LUIZ ANTÔNIO CUNHA escreveu:
No maior sigilo, a Santa Sé conseguiu extrair do governo brasileiro uma Concordata. E agora apressa o Congresso Nacional para que referende o tal acordo. E sem discussão. (…)
Não dá para acreditar que a Igreja Católica precise de uma Concordata para regulamentar sua atuação. No Brasil, onde ela desfruta de privilégios históricos, que interesses estariam ameaçados? Nenhum. Por quem? Por ninguém.
O que a Igreja Católica teme é o rápido aumento do número de evangélicos, de agnósticos e de ateus, correlativo à redução do número de católicos. Tentar reverter esse quadro é um direito de seus dirigentes, mas não instrumentalizando o Estado como na época do império, quando era religião oficial. (…)
Dos 20 artigos da Concordata, três tratam de temas especificamente educacionais. Aliás, a Igreja Católica é a única instituição que sempre fechou questão em torno do ensino religioso nas escolas públicas.
Dentre outras religiões e denominações cristãs, as igrejas evangélicas foram tradicionalmente contra a inclusão dessa disciplina nos currículos dos sistemas públicos de ensino. As igrejas pentecostais, mais recentes, não fecharam questão sobre isso — umas são manifestamente contra, outras se dividem.
O conteúdo do artigo 11 do acordo remete a algo que a cúpula da Igreja Católica já teve e quer de volta: reserva de mercado no ensino público. (…)
A Concordata obriga o Estado brasileiro a tomar partido numa luta que divide o campo religioso: o ensino deve ser confessional ou interconfessional? Ora, um Estado laico não pode se envolver num problema desse tipo, que só diz respeito ao campo religioso — portanto, privado.
(..) O Congresso tem três boas razões para rejeitar a Concordata: ela é inconstitucional, porque feita com uma instituição religiosa, o que é vedado; ela é desnecessária para a livre prática do culto católico romano; e ela cria problemas com os crentes e os não crentes justamente onde há entendimento e tolerância.
(Leia a íntegra do artigo aqui)

BONIFÁCIO DE ANDRADA anotou:
O GOVERNO brasileiro, desde 2006, manteve contatos com a Santa Sé de personalidade jurídica internacional para a celebração do acordo referente à Igreja Católica no Brasil. (…) É um tratado internacional com dispositivos que asseguram garantias ao culto religioso e ainda regularizam a personalidade jurídica das instituições eclesiásticas de acordo com a legislação.
Acordos desse tipo são hoje comuns mundialmente, sobretudo no Ocidente, para garantir ao povo o direito às suas crenças.
O Estado democrático é laico, mas a nação é religiosa. (…)

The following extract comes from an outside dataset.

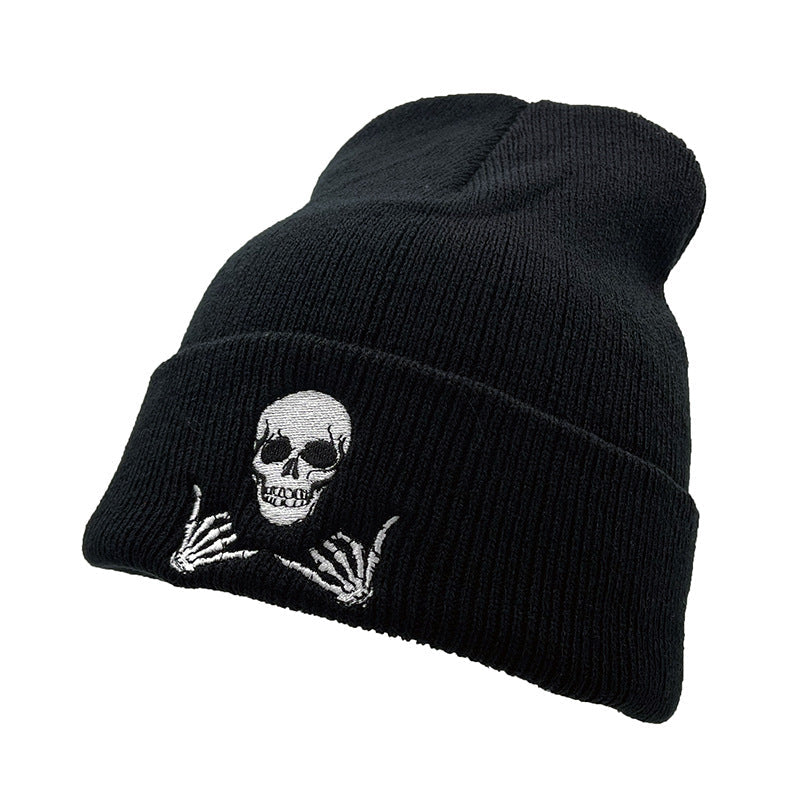 Gothic Embroidered Skull Beanie – Knit Hat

O atual governo e a Santa Sé perceberam a necessidade de consolidar em um estatuto normas legais de interesse da Igreja Católica reconhecendo a sua personalidade jurídica, além dos seus direitos consagrados em nossas leis.
Sancionam, por exemplo, proteção ao patrimônio histórico-cultural da igreja, parte de nossa civilização, mas autorizando o acesso de todos que queiram conhecê-lo ou estudá-lo.
Também no acordo há referências ao ensino religioso, com preceitos não só para a Igreja Católica como também para todas as religiões, repetindo o texto da Constituição e da legislação, garantindo que a educação católica — e a de outras confissões- terá matricula facultativa, sem nenhuma forma de discriminação.

Refere-se também à imunidade tributária constitucional que as religiões possuem e contém ainda o direito de seus ministros e fiéis de atuar no culto sem vínculos empregatícios, inspirando-se na lei que regula o voluntariado e na jurisprudência dominante sobre o tema.
O acordo, assim, não contém nenhum atentado à Constituição Federal e muito menos propicia privilégios para os bens da igreja. Respeitando plenamente o artigo 19 da Carta Magna, que proíbe a dependência do Estado de entidades religiosas e proíbe alianças com elas, expressa, segundo aquela, a necessidade da colaboração de interesse público entre as organizações religiosas e o Estado. (…)
É um documento diplomático que não traz nenhum fato excepcional, mas assegura à religião de maior número de fiéis em nosso país um conjunto de garantias que, desde o início da República, não estavam claramente configurado, embora sob plena obediência aos preceitos da Constituição e das leis em vigor.